Another example is for HIV treatment. Although the combined antiretroviral therapies (cARTs) have had a marked impact on the treatment and progression of HIV/AIDS , the most significant limitation of currently available cARTs is the inability to extinguish the integrated latent HIV reservoirs, resulting in a persistent infection even under lifelong treatment. A promising strategy to eradicate latent HIV reservoirs is to reactivate the dormant virus in the presence of combined antiretroviral therapies (cARTs). Recently, several groups simultaneously reported that CRISPR-based activation is highly effective at inducing transcriptional activation of latent HIV-1 infection specifically in human T cells, providing an exciting new avenue towards latent HIV therapy (Saayman et al. 2016).

Whereas loss-of-function screens can be conducted using RNAi or Cas9 -based tools, gain-of-function screens have been confined to cDNA overexpression libraries . Compared with all the limitations with the available cDNA libraries, CRISPRa-based targeted gene regulation on a genome -wide scale is a powerful strategy for interrogating, perturbing, and engineering biological systems. Taking advantage of the robust SAM system, Konermann et al. performed a genome-wide screening for genes that, upon activation , confer resistance to a BRAF inhibitor, using a library consisting of 70,290 guides targeting all human coding isoforms. The screens exhibited a high degree of consistency with 100% validation of the top ten hits. The top hits included genes previously shown to be able to confer resistance, and novel candidates were validated using individual sgRNA and complementary DNA overexpression. Furthermore, gene expression signature based on the top screening hits correlated with markers of BRAF inhibitor resistance in cell lines and patient-derived samples, proving the potential of Cas9 -based activators as a powerful genetic perturbation technology [20].

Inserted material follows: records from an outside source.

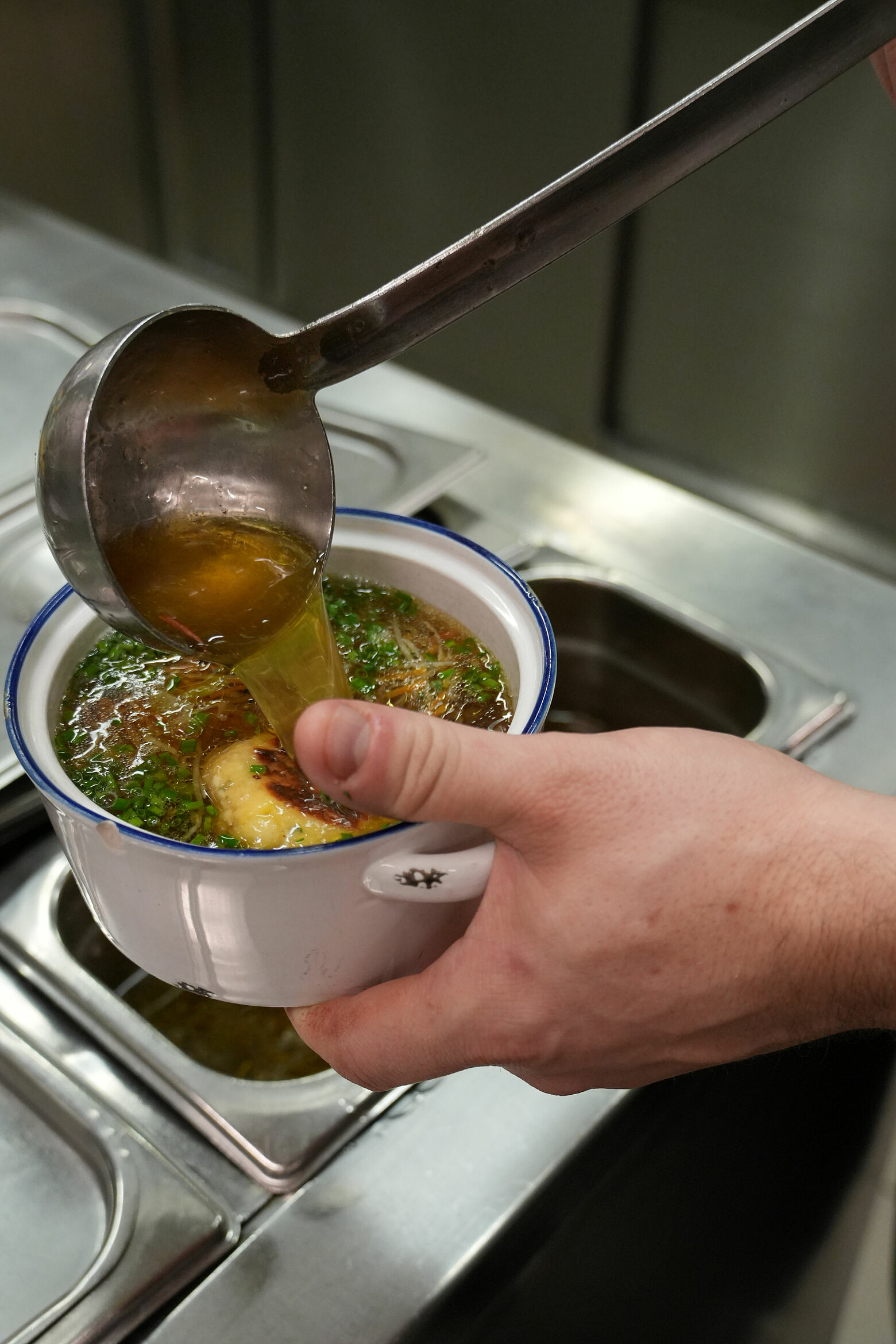 Ein Kopf schöpft warme Suppe in einen kleinen Emailletopf mit zwei Kaspressknödel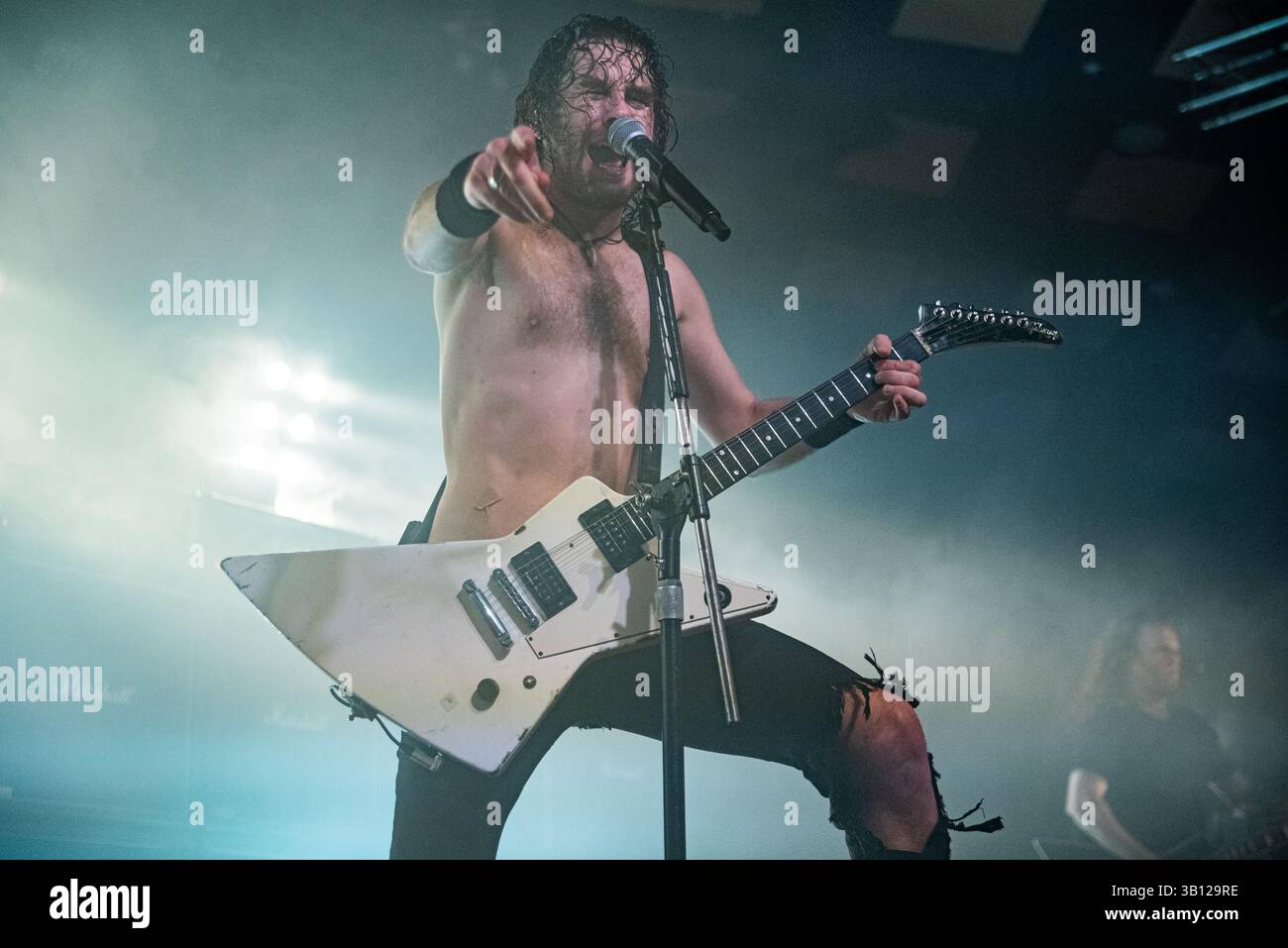 Joel O'Keeffe du rock australien Bad Airbourne se produisant en direct sur scène avec une guitare Flying V, pointant vers la foule Banque D'Images
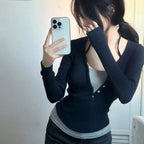 Person wearing a black cardigan over a gray top, holding a phone.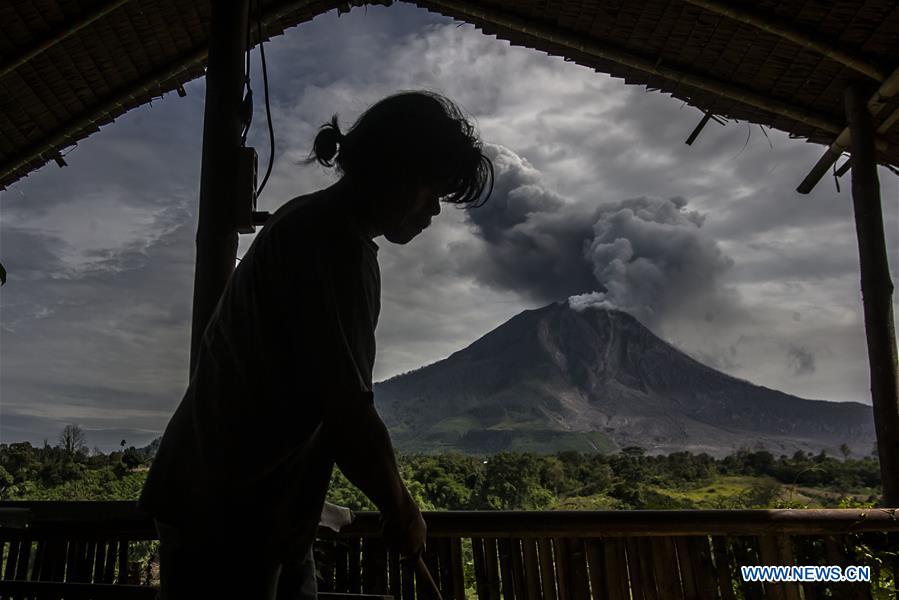 A woman watches the eruption of Mount Sinabung at Tiga Pancur village in Karo district, North Sumatra, Indonesia, July 24, 2016.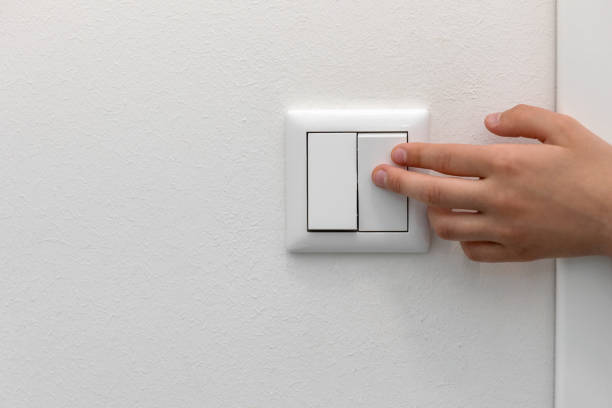Switching Off the Light Switching Off the Light, Turning Off Light Switch. Saving concept. Copy space. light switch stock pictures, royalty-free photos & images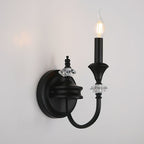 Close view of a black Clérachic wall light with one candle bulb, a round backplate and faceted crystal details on the arm.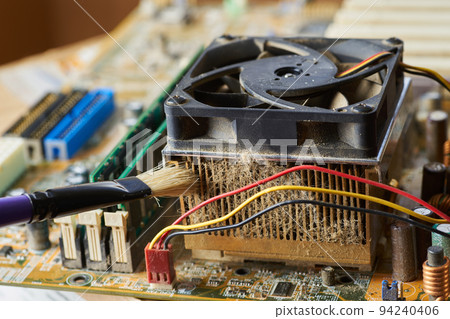 Brush cleaning an old computer board from dust and dirt. Close-up. Brush cleaning an old computer board from dust and dirt. Close-up. 94240406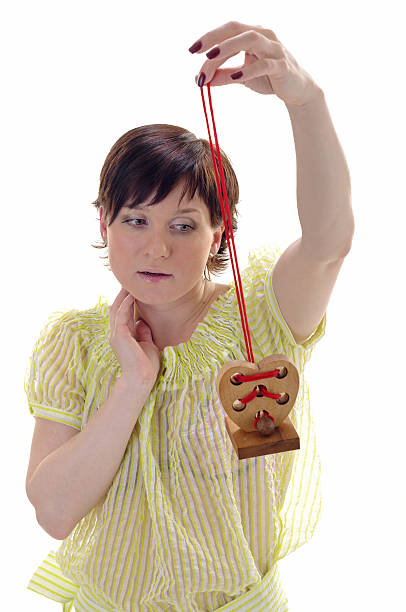 Woman with wooden heart on the branch stock photo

The discovery of the RNA-mediated programmable CRISPR/Cas9 technology, has transformed the field of biology. While CRISPR/dCas9 -mediated gene activation represents dramatic advantages over conventional approaches, there are several concerns with its broad application. In addition to the general problems with CRISPR system, such as off-target effects, delivery issue, and potential immunogenicity [28], the major concern is that the activation capability of endogenous genes by CRISPRa system is not as robust as that of cDNA overexpression approach and is heavily dependent on the selection of sgRNAs . This could be a potential concern for biological processes, such as direct reprogramming or transdifferentiation from one mature cell type to another, which might require a large amount of factors in order to overcome the force of gravity on the famous Waddington’s epigenetic landscape [27]. Thus how to effectively design the most robust and specific guide RNAs for transcriptional activation needs further exploration.